Então, em 4 de maio, algo que só pode ser definido como sobrenatural aconteceu. No mesmo dia em que o Santos suportou o bombardeio do América e passou para as quartas de final, todos os outros quatro times brasileiros foram eliminados, e alguns em circunstâncias bem misteriorsas…
O Cruzeiro tinha vencido o Once Caldas, na Colômbia por 2 a 1, mas perdeu em Minas por 2 a 0. O Internacional, que tinha empatado com o Peñarol, em Montevidéo, por 1 a 1, ainda saiu ganhando em Porto Alegre, mas tomou a virada com dois gols em cinco minutos e foi eliminado. O Fluminense vencera o Libertad, no Rio, por 3 a 1, e sofreu um 3 a 0 em Assunção. Por fim, o Grêmio, que fora derrotado em Porto Alegre por 2 a 1, voltou a perder para o Universidad Católica, no Chile, por 1 a 0.

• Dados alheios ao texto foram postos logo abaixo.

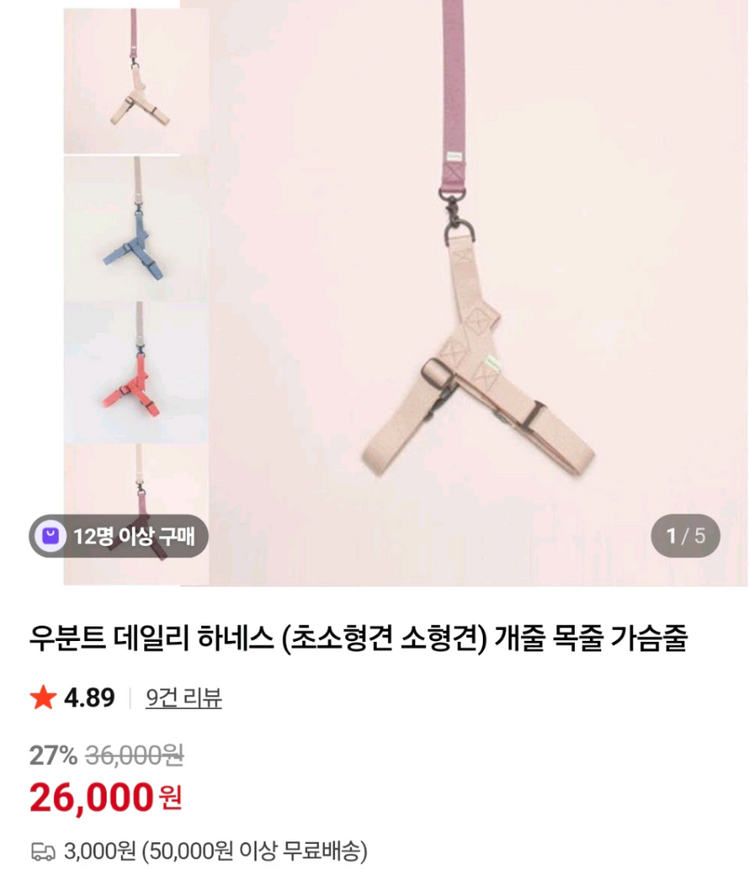 강아지 하네스,목줄,리드줄 통으로 판매합니다 :)--9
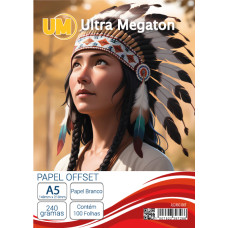 Papel Offset A5 240G Branco 100 Folhas Ultra Megaton
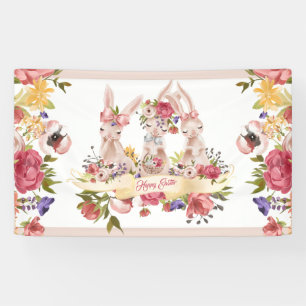 Aquarell-glücklicher Osterhase Banner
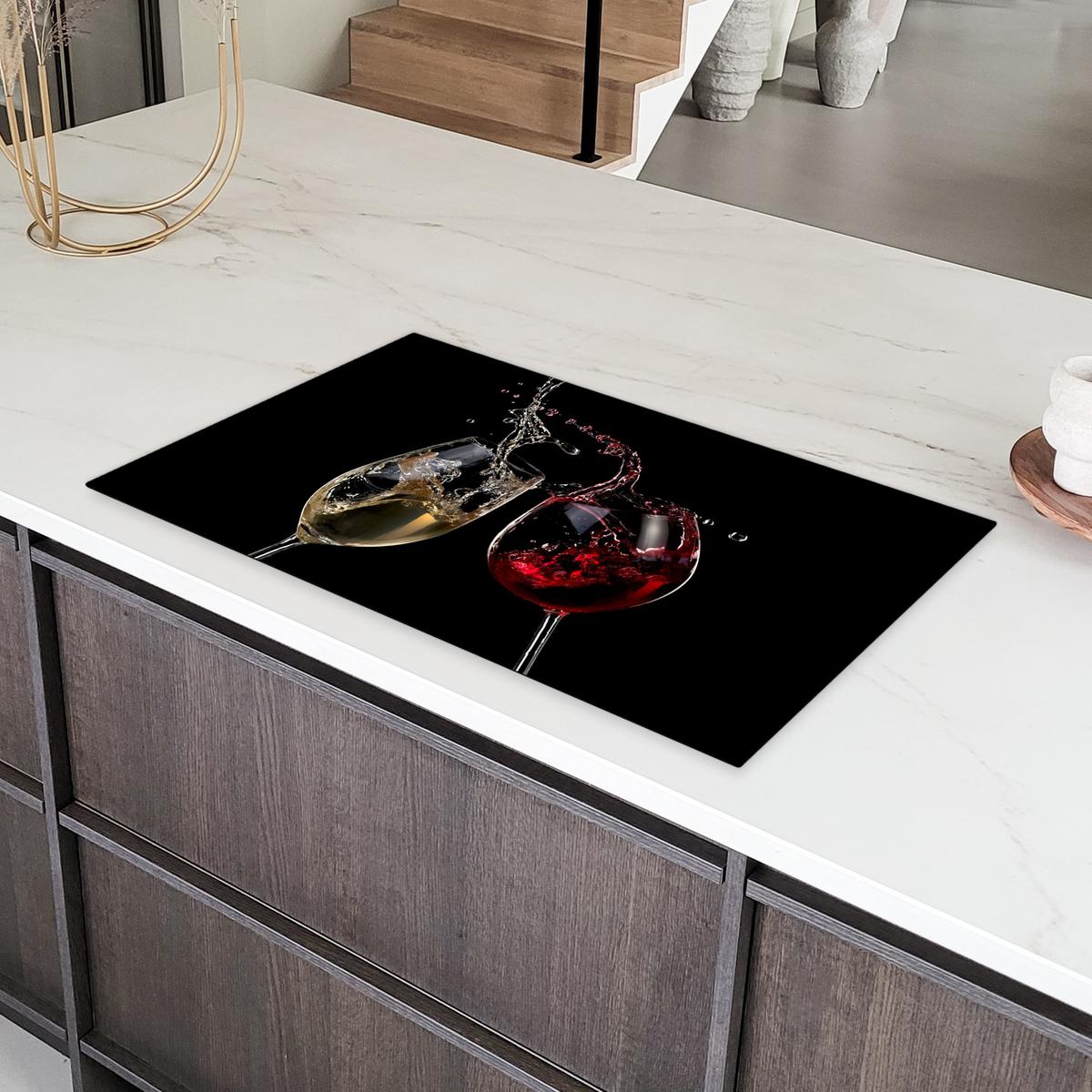 HERDABDECKPLATTE Rotwein - Weißwein - Glas - Schwarz Ceranfeldabdeckung 90x52 cm - Weinrot, Kunststoff (90/52/0.2cm) - MuchoWow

A imprensa falou em “noite trágica” para o futebol brasileiro, mas os santistas e os amantes do futebol bonito, desta ou de outras dimensões, estavam sorrindo. Com a nova configuração, o Santos passaria a ter o direito de fazer a segunda partida em casa até a final.
Nas quartas, o adversário foi o Once Caldas, o algoz do Cruzeiro. Seria um tira-teima, pois em 2004 a equipe colombiana havia eliminado o Santos, mas na Conmebol de 1998 fora eliminada por ele. Dessa vez, mais sólido, o Alvinegro venceu em Manizales por 1 a 0, gol de Patrick, e empatou em 1 a 1 em um Pacaembu lotado, com gol do cada vez mais astro Neymar.
O resiliente Cerro Porteño, que estava na competição desde a repescagem, voltou a interceptar o caminho do Santos na semifinal. No Pacaembu, Edu Dracena marcou aos 43 minutos e ficou nisso. Em Assunção, o Santos fez 2 a 0 antes dos 30 minutos (Zé Eduardo e Barreto, contra) e terminou o primeiro tempo com a vantagem de 3 a 1 (Neymar). Mas o Cerro reagiu no segundo e ainda empatou em 3 a 3, insuficiente, porém, para tirar o Alvinegro da final.
Túnel do tempo
O futebol, como a vida, é cíclico. Quarenta e nove anos depois, Santos e Peñarol jogariam novamente pelo título mais importante das Américas. Cinco vezes campeão da Libertadores, o Peñarol era o campeão do mundo quando perdeu para o Santos a final de 1962. Dessa vez, menos poderoso, equilibrou as coisas no empate de 0 a 0 diante de 60 mil torcedores, no Estádio Centenário, mas foi amplamente dominado no Pacaembu.
O Rei Pelé e os santistas mais ilustres estavam entre os 40 157 torcedores que na noite de 22 de junho viram, no primeiro minuto do segundo tempo, Arouca penetrar pelo meio, tabelar com Ganso e servir a Neymar, que acertou um chute seco entre o goleiro Sosa e a trave. Um grito de alívio reverberou pelo Pacaembu.
Aos 23 minutos, Danilo penetrou pela direita, livrou-se de um marcador e bateu de esquerda, rasteiro, rente à trave direita. Após esse segundo gol a certeza da conquista não foi abalado nem mesmo quando Durval marcou, contra, aos 34 minutos.
Ver o Pelé e o técnico Muricy sorrindo, de mãos dadas, pelo gramado do Pacaembu durante as comemorações é uma cena que ficará na história das Libertadores. A conquista confirmaria Neymar como o grande brasileiro da década e começaria a abrir espaço para os laterais Danilo e Alex Sandro na Seleção nacional. A história, enfim, estava escrita, e do jeito que os deuses do futebol gostam.